Ephemeral context optimization — trimming the PR diff:

def prepare_pr_diff_for_review(raw_diff: str, max_tokens: int = 800) -> str:
    """
    Prepare a PR diff for review by focusing on the most meaningful content.
    Removes generated files, lock files, and truncates very large files.
    """
    enc = tiktoken.get_encoding("cl100k_base")

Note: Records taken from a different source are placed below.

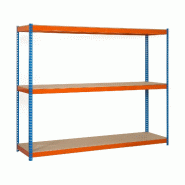 SimonRack Rayonnage industriel, 2000x1500x600 mm, 400 kg au point de flexion, 3 étagères bois, rayonnage garage, Bleu/Orange/Bois- Ecoforte - orange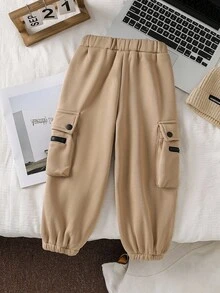 Genkimix Kids Autumn/Winter New Boys Casual Sports Sweatpants With Pockets, Simple & Stylish Cuffed Trousers Fall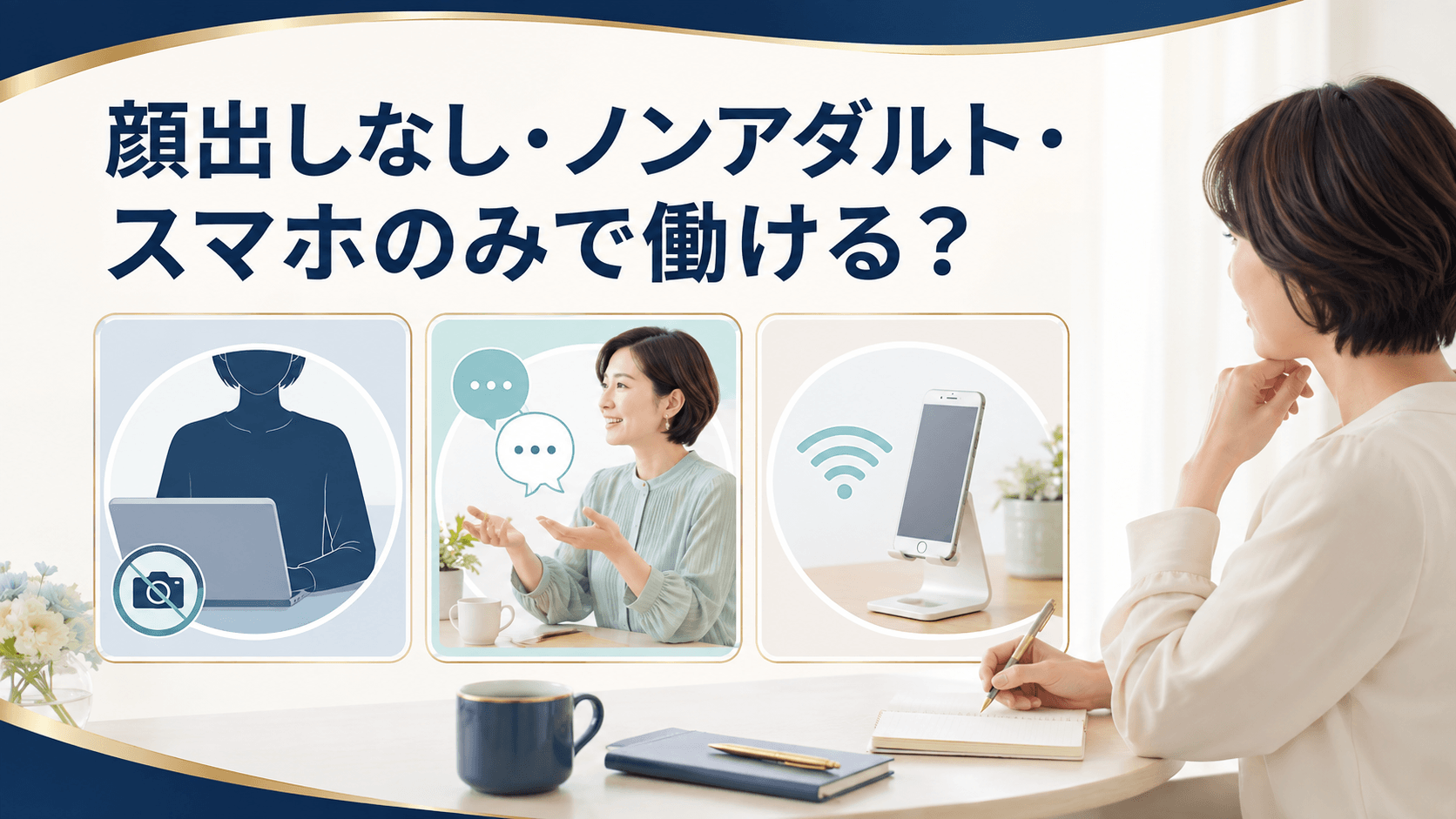 顔出しなし・ノンアダルト・スマホのみで働く方法を確認する女性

    # Skip generated/lock files
    skip_patterns = [
        "package-lock.json", "yarn.lock", "pnpm-lock.yaml",
        ".min.js", ".min.css", "dist/", "build/", "__generated__"
    ]

    lines = raw_diff.split('\n')
    filtered_lines = []
    skip_current_file = False

    for line in lines:
        if line.startswith('diff --git'):
            skip_current_file = any(pattern in line for pattern in skip_patterns)
        if not skip_current_file:
            filtered_lines.append(line)

    filtered_diff = '\n'.join(filtered_lines)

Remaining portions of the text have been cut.